7.1          With respect to meetings of the board:

7.1.1      the directors may meet together at the places they see fit to dispatch business, adjourn and otherwise regulate their meetings and proceedings as they see fit provided that a minimum of fourteen (14) days’ notice of meetings shall be required if such notice is sent by mail;

7.1.2      the quorum shall be a majority of the directors then in office;

7.1.3      the President shall be chair of all meetings of the directors, but if at a meeting the President is not present within fifteen (15) minutes after the time appointed for the meeting, the President-Elect shall act as chair; but if neither is present the directors present may choose one of their number to be chair at that meeting;

7.1.4      a director may at any time, and the Secretary-Treasurer, on request of a director, shall convene a meeting of the directors; and

7.1.5      for the first meeting held immediately following the election of a director or directors at an annual or other general meeting of members, or for a meeting of the directors at which a director is appointed to fill a vacancy in the directors, it is not necessary to give notice of the meeting to the newly appointed or elected director or directors for the meeting to be constituted, if a quorum of the directors is present.

7.2          Questions arising at a meeting of the directors shall be decided by a majority of votes.

7.3          In case of an equality of votes the chair does not have a second or casting vote.

7.4          No resolution proposed at a meeting of directors need be seconded and the chair of a meeting may move or propose a resolution.

7.5          A resolution in writing, signed by all the directors and placed with the minutes of the directors is as valid and effective as if regularly passed at a meeting of directors.

7.6          If all directors consent thereto in advance, generally or in respect of a particular meeting, and all directors have equal access, a director may participate in a meeting of the board by means of a telephonic, electronic or other communication facility as permits all persons participating in the meeting to communicate with one another, and a director participating in such a meeting by such means is deemed to be present at the meeting.  The Secretary-Treasurer shall ensure each particular meeting is handled in a secure fashion.  Quorum shall be established by the Secretary-Treasurer at the beginning of each particular meeting by verbal roll call, where appropriate, or by such other reasonable measures as determined by the Secretary-Treasurer to accurately confirm attendance by the directors at the meeting.  Each vote cast by a director participating by telephonic, electronic or other communication facility shall be recorded in the minutes by the Secretary-Treasurer.

Article 8

OFFICERS

8.1          The officers of the society shall be a President, President-Elect, Secretary-Treasurer and any such other officers as the directors may by by-law determine, and shall be elected by the members pursuant to Section 8.6.

8.2          All officers shall be directors of the society and they shall cease to be officers if they cease to be directors or if they are removed as officers by a majority of the directors.

8.3          Officer eligibility:

8.3.1      No member from the regional area from which the President comes shall be eligible for nomination for the position of President-Elect.
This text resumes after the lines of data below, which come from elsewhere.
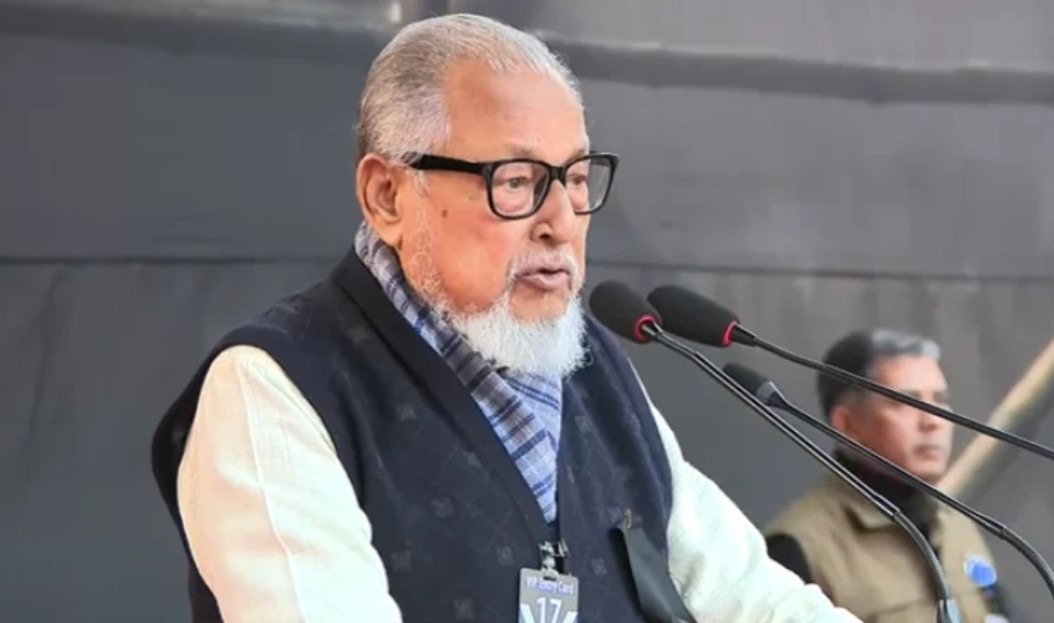 খালেদা জিয়ার মৃত্যুর দায় থেকে হাসিনা মুক্তি পাবেন না: নজরুল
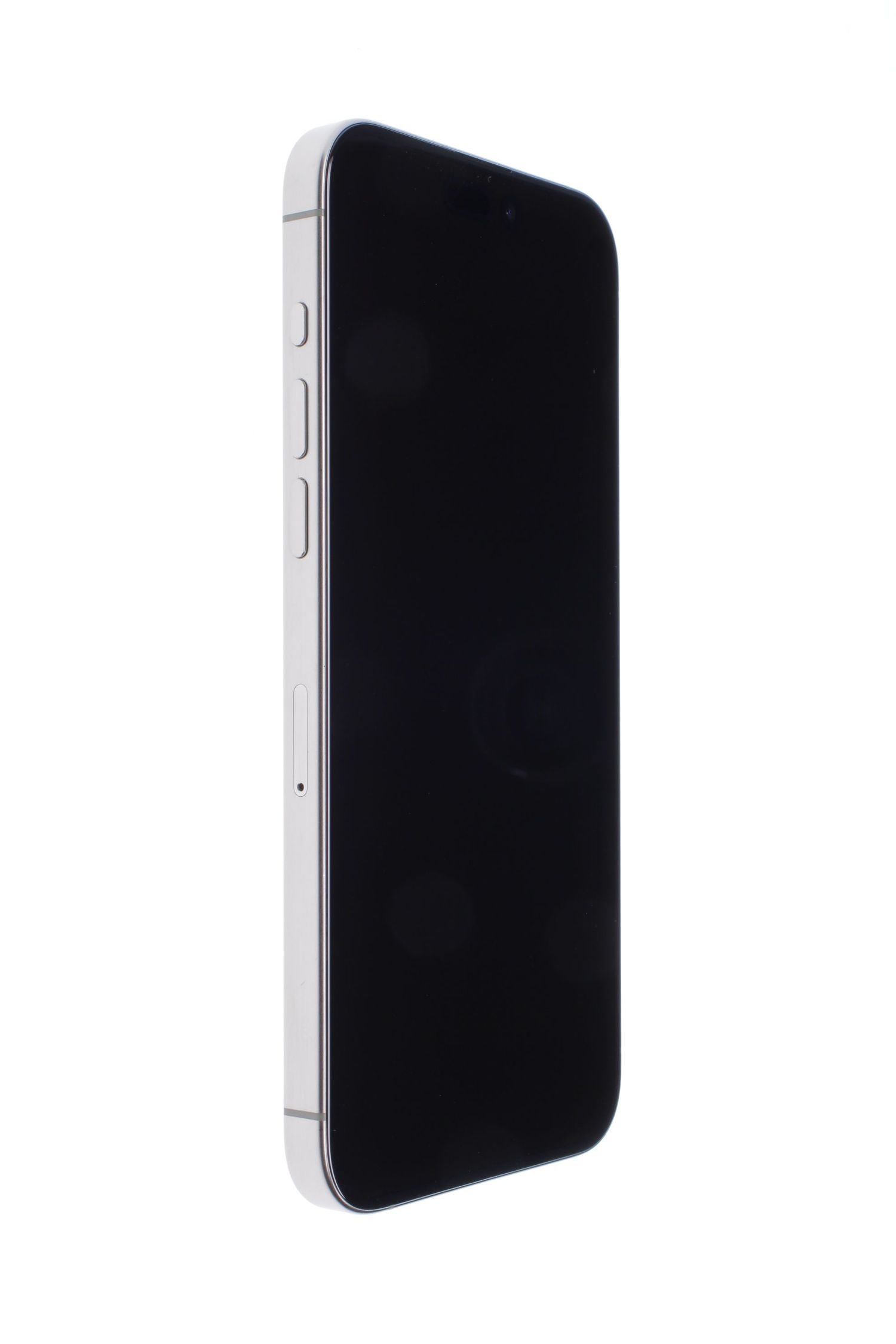 Apple iPhone 15 Pro Max 256 GB Natural Titanium - Ca nou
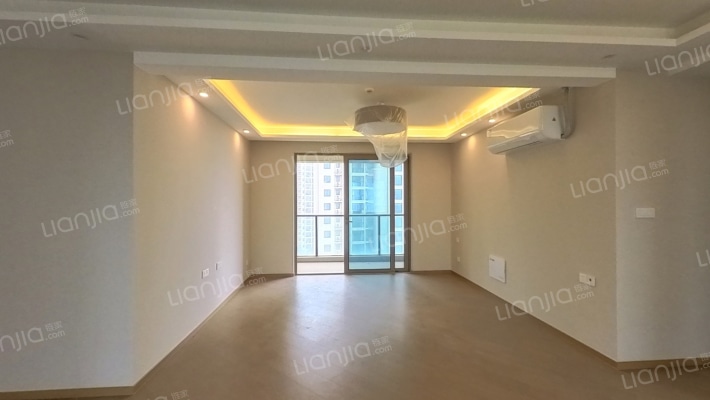 意谐缤虹星城二手房实景图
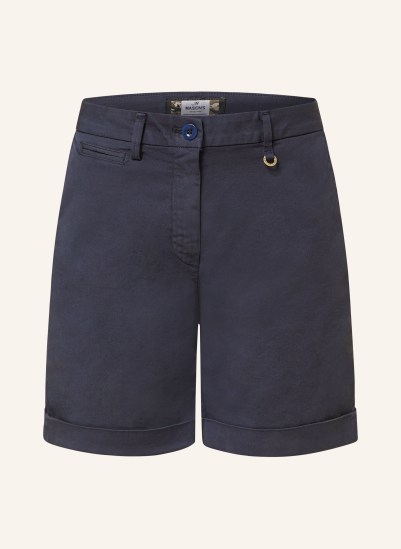 MASON'S Shorts JACQUELINE CURVIE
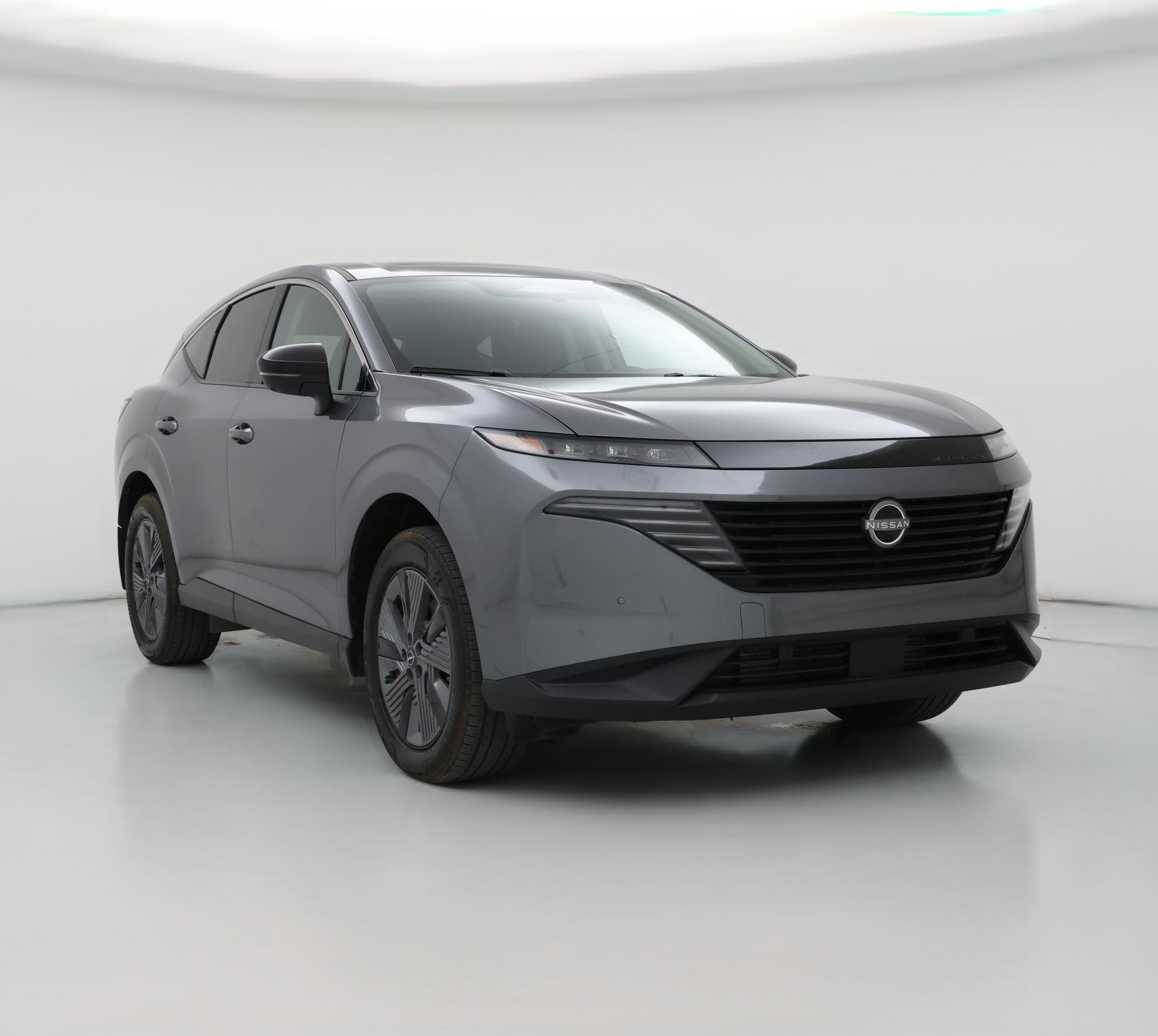Thumbnail: 2025 Nissan Murano - 1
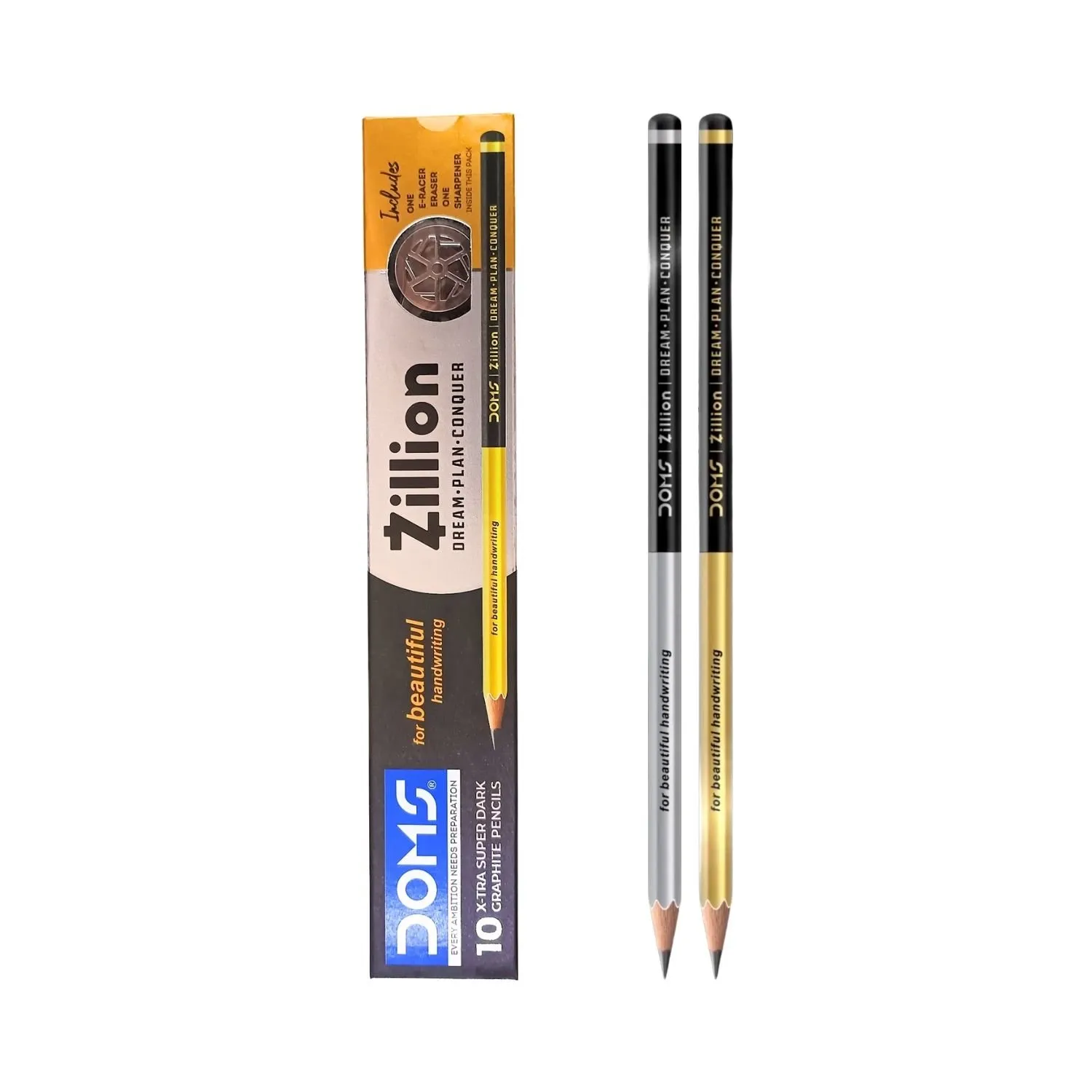 Doms Pencils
The individual nominated for President-Elect may come from the same region as the incumbent Secretary-Treasurer.

8.3.2      The Secretary-Treasurer may come from the same region as the President or President-Elect, unless the directors determine otherwise.

8.4          The President-Elect shall be elected for a term of two (2) years or until his or her successor is elected. The President-Elect shall, presuming the election of the person holding the office of President-Elect as a director and as President, then succeed to the position of President for a term of two (2) years or until his or her successor is elected. No member may serve two (2) consecutive terms as President. The Secretary-Treasurer shall be elected for a term of two (2) years or until his or her successor is elected.

8.5          No officer shall be remunerated for being or acting as an officer.

8.6          Those members entitled to vote on the election of officers shall be entitled to cast their votes in a ballot to be mailed to such members by the Secretary-Treasurer in advance of the process to nominate the regional directors specified in section 6.2.2.  All ballots properly marked and received by the Secretary-Treasurer by the date specified by Secretary-Treasurer shall be counted as if the member has been present at the annual meeting and had voted in person in the election of officers.

Article 9

DUTIES OF OFFICERS

9.1          The President shall:

9.1.1      preside at all meetings of the society and of the directors;

9.1.2      be the chief executive officer of the society and shall supervise the other officers in the execution of their duties; and

9.1.3      be an ex-officio member of all committees.

9.2          The President-Elect shall carry out all the duties for the President during his or her absence and shall perform such other duties as shall from time to time be imposed upon him or her by the directors.

9.3          The Secretary-Treasurer shall:

9.3.1      conduct the correspondence for the society;

9.3.2      issue notices of meetings of the society and directors;

9.3.3      keep minutes of all meetings of the society and directors;

9.3.4      have custody of all records and documents of the society;

9.3.5      have custody of the common seal of the society;

9.3.6      maintain the register of members;

9.3.7      keep the financial records, including books of account, necessary to comply with the Act; and

9.3.8      render financial statements to the directors, members and others when required.

9.4          In the absence of the Secretary-Treasurer from a meeting, the directors shall appoint another person to act as secretary of the meeting.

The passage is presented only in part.